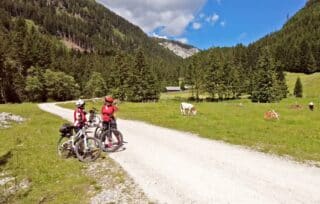 Cyklodovolená 2026 Rakousko Alpy Lungau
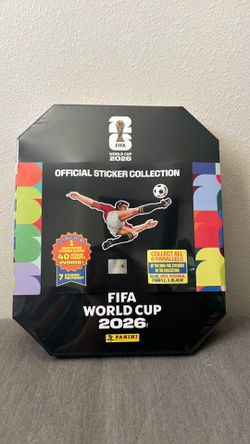 Panini FIFA World Cup Sticker collection Costco Exclusive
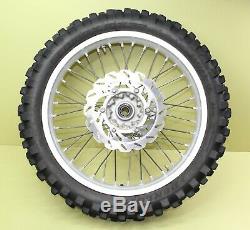 2002 02-19 YZ250 YZ125 Excel Front Rear Wheel Set Complete Hub Rim Spokes Rotor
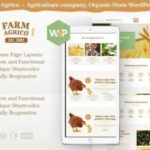 Farm Agrico Theme Agricultural Business WP GPL Theme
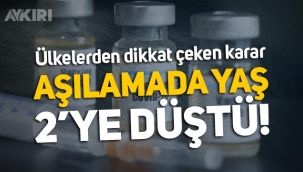 Koronavirüste yeni dönem: Küba'da aşılama yaşı 2'ye düştü!
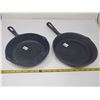Image 1 : 2 cast iron frying pans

__Work request__. An exact copy of the listing above, minus its pictures, is what is needed here.

__Exercise result__.
 Cyklodovolená 2026 Rakousko Alpy Lungau
 Panini FIFA World Cup Sticker collection Costco Exclusive
 2002 02-19 YZ250 YZ125 Excel Front Rear Wheel Set Complete Hub Rim Spokes Rotor
 Farm Agrico Theme Agricultural Business WP GPL Theme
 Koronavirüste yeni dönem: Küba'da aşılama yaşı 2'ye düştü!
Image 1 : 2 cast iron frying pans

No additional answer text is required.